Gastronomie durable 2 minutes 06 janvier 2021

Pour une gastronomie durable : Yoann Conte

Le Guide MICHELIN met en avant les chefs engagés au quotidien pour une gastronomie plus durable. Aujourd'hui, nous relayons la parole de Yoann Conte, chef du restaurant Yoann Conte, sur le lac d'Annecy.

Ce ne sont pas seulement les deux confinements qui ont poussé Yoann Conte à revoir son offre de restauration, mais ils ont accéléré les choses et permettent aujourd’hui au chef d’être en accord avec lui-même, avec passion et pas avec raison. Yoann Conte a décidé d’être heureux, de se réinventer pour continuer à "faire du manger", comme il aime à le dire. L’état de la planète, la quête perpétuelle de l’excellence, le diktat des demandes particulières et parfois farfelues, l’excessivité n’ont plus de sens pour ce chef qui a pris conscience que tout allait trop vite et qu’il était au cœur d’un tourbillon dans lequel il avait pour habitude de tout accepter : "Il faut revenir à une philosophie du manger plus douce, plus lente, plus en phase avec le jardin, la nature, les éleveurs, les producteurs."
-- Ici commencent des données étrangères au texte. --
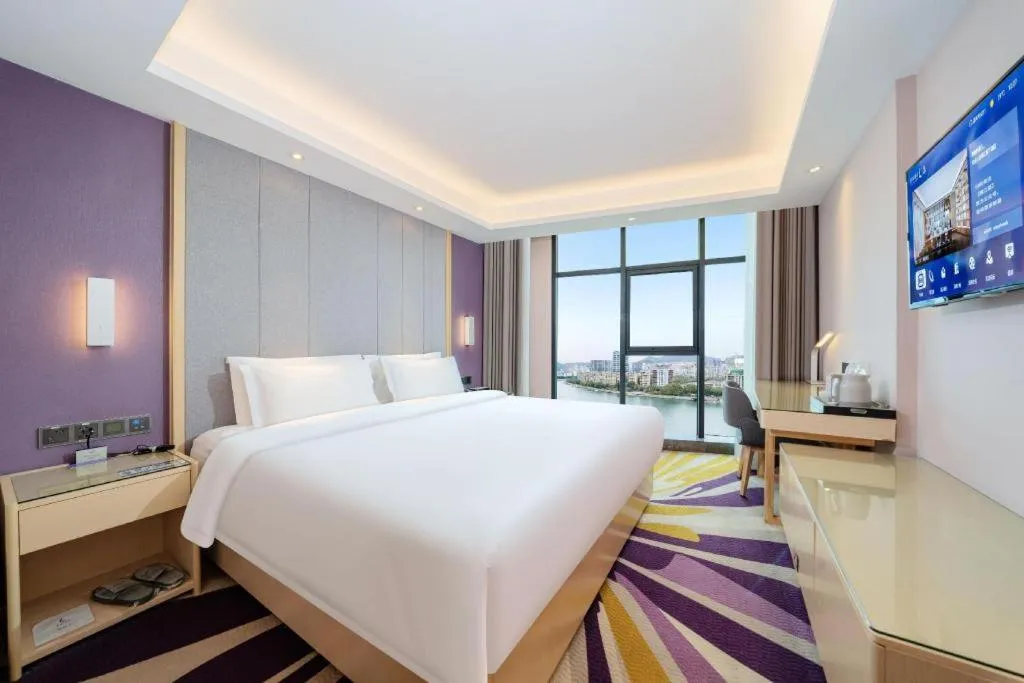 Bed in Lavande Hotel Shaoguan Bainian East Street Fengcai Building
Ormeaux Haliotis de Sylvain Huchette, Bouillon d'une Barigoule ©Stéphane Riss
Ormeaux Haliotis de Sylvain Huchette, Bouillon d'une Barigoule ©Stéphane Riss

Yoann Conte veut désormais se faire plaisir, donner du plaisir "pourquoi pas avec un simple plat de féra et de pommes de terre dans une réinterprétation du hareng pommes à l’huile." Et s’il faut aller discuter en salle avec quelqu’un qui s’interrogerait sur ce plat dans une maison de ce standing, il ira à sa rencontre parce qu’aujourd’hui, "le bien manger passe par la pédagogie et par le civisme." Il l’avoue, il s’est peut être égaré par le passé mais désormais, cette nouvelle construction culinaire lui a fait retrouver la joie, la vie, le plaisir du partage avec ses équipes, ses clients, ses fournisseurs.
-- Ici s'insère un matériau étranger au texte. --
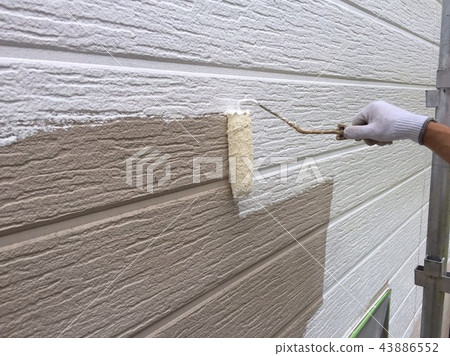 Exterior wall painting 43886552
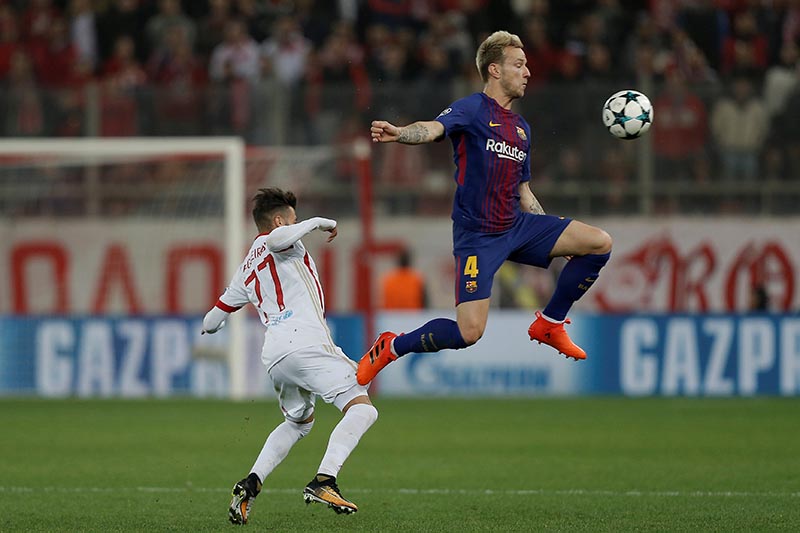 Barcelonau2019s Ivan Rakitic in action with Olympiacos' Diogo Figueiras during the Champions League match between Olympiacos and FC Barcelona, at Karaiskakis Stadium, in Piraeus, Greece, on October 31, 2017. Photo: Reuters.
La Pasnaille dans tous ses états ©Stéphane Riss
La Pasnaille dans tous ses états ©Stéphane Riss

Ce retour à un rythme plus lent lui laisse du temps pour étudier son jardin, d’admirer son champ d’oseille qui a résisté aux premières neiges comme ses menthes et ses kiwis. Il lit, se renseigne, étudie pour mieux comprendre l’emplacement de chaque variété, pour réaliser des composts d’herbes, pour faire la chasse aux pucerons. Pour autant, Yoann Conte ne renie pas ce qu’il a été : "c’était une partie de ma vie, de ma construction personnelle. Aujourd’hui, j’aspire à toujours travailler dans l’excellence mais sans tomber dans l’excès, c’est ma thérapie."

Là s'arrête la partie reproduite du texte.